Suriye'deki Mezhep Çatışmaları ve Türkiye'deki Provokasyonlar
Suriye’nin Lazkiye, Deraa ve Tartus bölgelerinde başlayan ayaklanmalar, mezhep çatışmalarını körükleyen bir provokasyon olarak değerlendiriliyor. Cumhurbaşkanı Ahmet eş Şara’nın yönetimi sayesinde ayaklanma bastırıldı. Ancak, geride kanlı bir bilanço ve tedirgin bir toplum bırakıldı. Suriye ordusundan 250’ye yakın ölüm gerçekleşti. Ayaklanmanın elebaşıları yakalandı ve devlet görevlileri, Nusayrileri ziyaret ederek durumu sakinleştirme çabası içinde olduklarını belirtti.
Ahmet eş Şara’nın açıklamaları, durumu net bir şekilde ortaya koydu. “Biz onları affetmeyi düşündük, onlar ise bizi katletmeyi. Suçluları affetmeyeceğiz” diyerek, devrik rejimin kalıntılarıyla uzlaşmayacaklarını vurguladı. Avrupa Birliği de Esad rejiminin saldırılarını kınadı ve dış güçlere Suriye içişlerine müdahale etmemeleri çağrısında bulundu.
CHP'nin Mezhepçi Provokasyonları
Türkiye’deki CHP-ZP eksenli zihniyet, Suriye’deki mezhep temelli kışkırtmaları Türkiye’ye transfer etmeye çalışıyor. CHP Genel Başkanı ve diğer yetkililerin Esad rejiminin tetikçilerine destek vermeleri, bu durumu daha da vahim hale getiriyor. Bu zihniyetin, Türkiye’deki huzursuzlukları artırma potansiyeli taşıdığı belirtiliyor.

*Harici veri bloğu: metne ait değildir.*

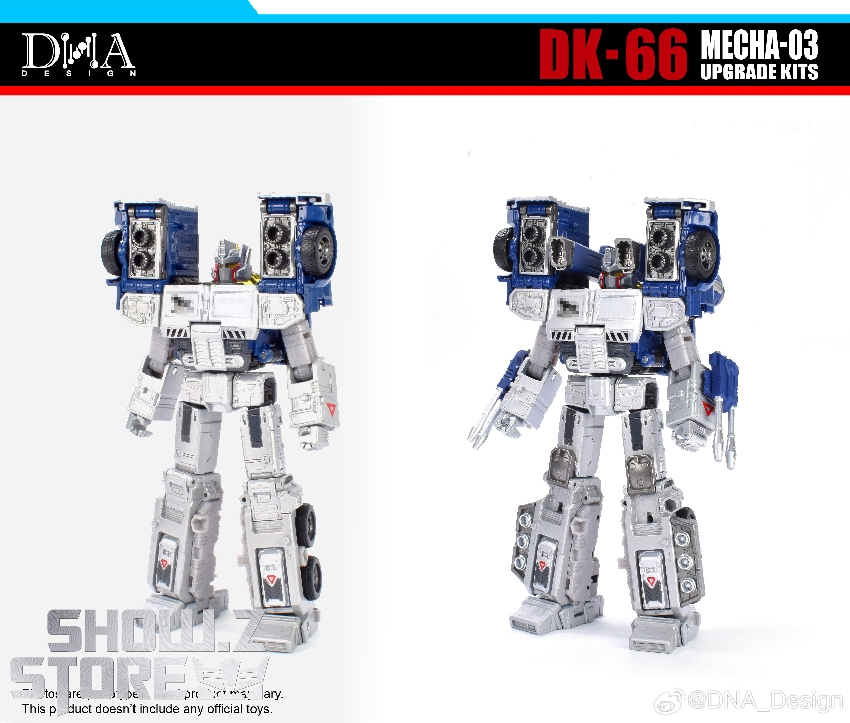 DNA Design DK-66 Upgrade Kits for Mecha-03 - Show.Z Store
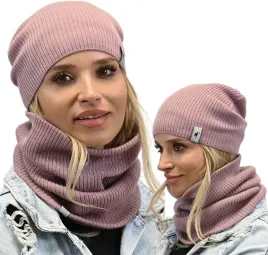 damski-zestaw-czapka-z-kominem-na-zime-polski-komplet-beanie-tuba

Hatay’da sözde Nusayri Şeyhi Selim Narlı’nın, “Buradaki konuşmamız eğer etkili olmazsa yapacaklarımızdan siz sorumlusunuz” diyerek devleti tehdit etmesi, bu provokasyonların bir örneği. Bu tür söylemler, toplumda tedirginlik yaratmakta ve mezhepçilik duygularını körüklemektedir.

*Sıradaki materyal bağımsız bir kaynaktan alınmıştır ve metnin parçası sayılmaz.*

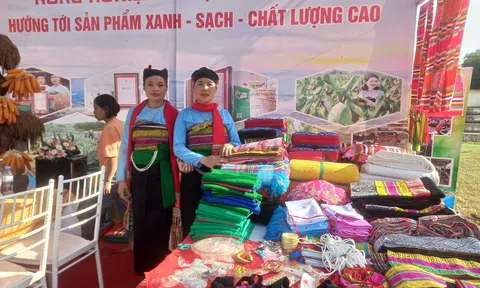 Nông sản “trẩy hội” tại Hội chợ Thương mại miền Tây Thanh Hóa 2023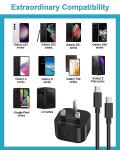25W USB-C Fast Charger for Samsung Phones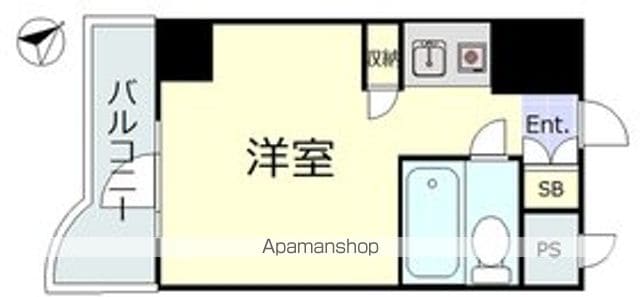 朝日後楽園マンションの間取り写真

Barış Atay ve Ali Mahir Başarır'ın Provokatif Söylemleri
Barış Atay, Esad’ın katliamlarını savunarak, Türkiye’nin içindeki kışkırtmaların öncüsü haline geldi. Atay’ın, Esad’ın işkencehanelerini övmesi, onun insanlık anlayışını sorgulatıyor. Bu tür söylemler, Türkiye’deki toplumsal barışı tehdit eden bir unsur olarak değerlendiriliyor.

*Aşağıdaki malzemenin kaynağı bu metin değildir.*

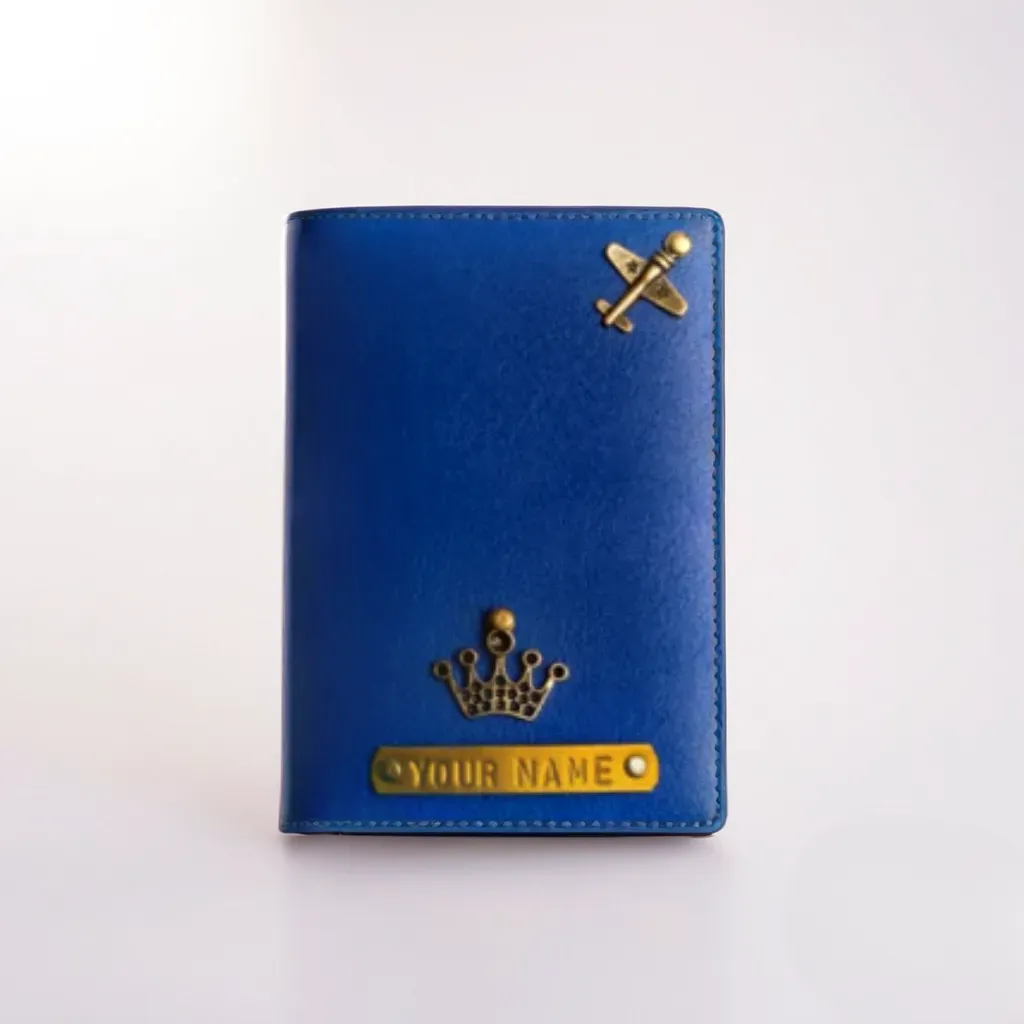 Customized Couple Passport Cover | Wedding Gift | Travel Accessory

Ali Mahir Başarır’ın, Suriyeli sığınmacılar hakkında yaptığı açıklamalar da dikkat çekici. “Bu mülteciler 750 bin çocuk yapmışlar” diyerek, sığınmacıları hedef alması, mezhepçilikle beslenen bir söylem olarak öne çıkıyor. Bu tür ifadeler, toplumda kutuplaşmayı artırmakta ve insani değerleri zedelemektedir.
Tanju Özcan ve Kışkırtmalar
Bolu Belediye Başkanı Tanju Özcan’ın, Alevi kimliği üzerinden yaptığı kışkırtmalar, dikkat çekici bir başka örnek. “Allahu Ekber diyerek katletme hakkını kendinde gören yobazları nefretle kınıyorum” diyerek, toplumda bir nefret söylemi oluşturuyor. Bu tür söylemler, Türkiye’nin sosyal dokusunu tehdit eden bir unsur olarak değerlendiriliyor.
Özcan’ın, Suriyeli sığınmacılara yönelik uyguladığı baskılar ve kışkırtıcı söylemleri, Türkiye’deki Alevi toplumunu da hedef alıyor. Bu durum, toplumda huzursuzluk yaratmakta ve mezhep çatışmalarını körüklemektedir.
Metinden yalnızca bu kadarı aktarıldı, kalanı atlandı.